Dhiogo Corrêa
Dhiogo Corrêa

Reputation: 461

Spark - Reduce operation taking too long

I'm making an application with Spark that will run some topic extration algorithms. For that, first I need to make some preprocessing, extracting the document-term matrix by the end. Ive could done that, but for a (not that much) big collection of documents (only 2 thousand, 5MB), this proccess is taking forever.

So, debugging, Ive found where the program kinda stucks, and it's in a reduce operation. What I'm doing in this part of the code is counting how many times each term occurs on the collection, so first I done a "map", couting it for each rdd, and them I "reduce" it, saving the result inside a hashmap. The map operation is very fast, but in the reduce, its splitting the operation in 40 blocks, and each block takes 5~10 minutes to proccess.

So I'm trying to figure out what I'm doing wrong, or if reduce operations are that much costly.

SparkConf: Standalone mode, using local[2]. I've tried to use it as "spark://master:7077", and it worked, but still the same slowness.

Code:

"filesIn" is a JavaPairRDD where the key is the file path and the value is the content of the file. So, first the map, where I take this "filesIn", split the words, and count their frequency (in that case doesn't matter what document is) And then the reduce, where I create a HashMap (term, freq).

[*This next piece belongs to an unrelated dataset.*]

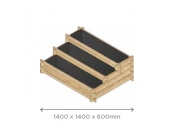 Carré Potager en Escalier 1400x1400 mm en Pin S7278 - Solid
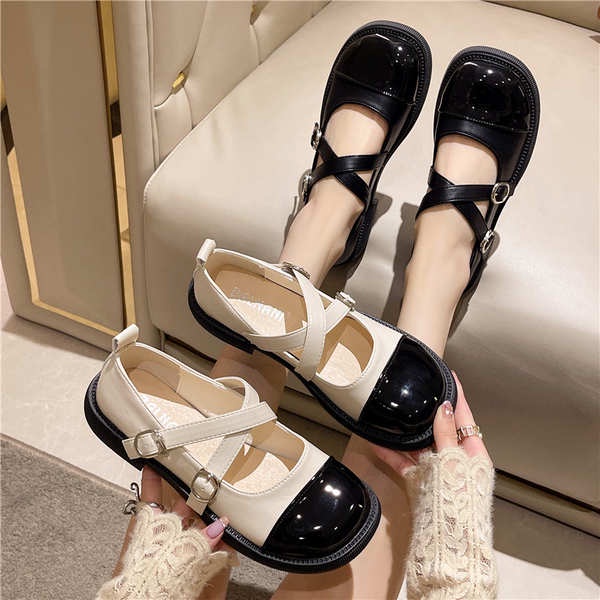 Mary jane Giày Da Đế Dày Phong Cách Thời Trang Nhật Bản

JavaRDD<HashMap<String, Integer>> termDF_ = filesIn.map(new Function<Tuple2<String, String>, HashMap<String, Integer>>() {

        @Override
        public HashMap<String, Integer> call(Tuple2<String, String> t) throws Exception {
            String[] allWords = t._2.split(" ");

            HashMap<String, Double> hashTermFreq = new HashMap<String, Double>();
            ArrayList<String> words = new ArrayList<String>();
            ArrayList<String> terms = new ArrayList<String>();
            HashMap<String, Integer> termDF = new HashMap<String, Integer>();

            for (String term : allWords) {

                if (hashTermFreq.containsKey(term)) {
                    Double freq = hashTermFreq.get(term);
                    hashTermFreq.put(term, freq + 1);
                } else {
                    if (term.length() > 1) {
                        hashTermFreq.put(term, 1.0);
                        if (!terms.contains(term)) {
                            terms.add(term);
                        }
                        if (!words.contains(term)) {
                            words.add(term);
                            if (termDF.containsKey(term)) {
                                int value = termDF.get(term);
                                value++;
                                termDF.put(term, value);
                            } else {
                                termDF.put(term, 1);
                            }
                        }
                    }
                }
            }
            return termDF;
        }
    });

 HashMap<String, Integer> termDF = termDF_.reduce(new Function2<HashMap<String, Integer>, HashMap<String, Integer>, HashMap<String, Integer>>() {

        @Override
        public HashMap<String, Integer> call(HashMap<String, Integer> t1, HashMap<String, Integer> t2) throws Exception {
            HashMap<String, Integer> result = new HashMap<String, Integer>();

            Iterator iterator = t1.keySet().iterator();

            while (iterator.hasNext()) {
                String key = (String) iterator.next();
                if (result.containsKey(key) == false) {
                    result.put(key, t1.get(key));
                } else {
                    result.put(key, result.get(key) + 1);
                }

            }

            iterator = t2.keySet().iterator();

            while (iterator.hasNext()) {
                String key = (String) iterator.next();
                if (result.containsKey(key) == false) {
                    result.put(key, t2.get(key));
                } else {
                    result.put(key, result.get(key) + 1);
                }

            }

            return result;
        }
    });

Thanks!

Upvotes: 2

Views: 2607

Answers (1)

zero323
zero323

Reputation: 330353

OK, so just off the top of my head:

  • Spark transformations are lazy. It means that map is not executed until you call subsequent reduce action so what you describe as slow reduce is most likely slow map + reduce
  • ArrayList.contains is O(N) so all these words.contains and terms.contains are extremely inefficient
  • map logic smells fishy. In particular:
    • if term has been already seen you never get into else branch
    • at first glance words and terms should have exactly the same content and should be equivalent to the hashTermFreq keys or termDF keys.
    • it looks like values in termDF can only take value 1. If this is what you want and you ignore frequencies what is the point of creating hashTermFreq?
  • reduce phase as implemented here means an inefficient linear scan with growing object over the data while you what you really want is reduceByKey.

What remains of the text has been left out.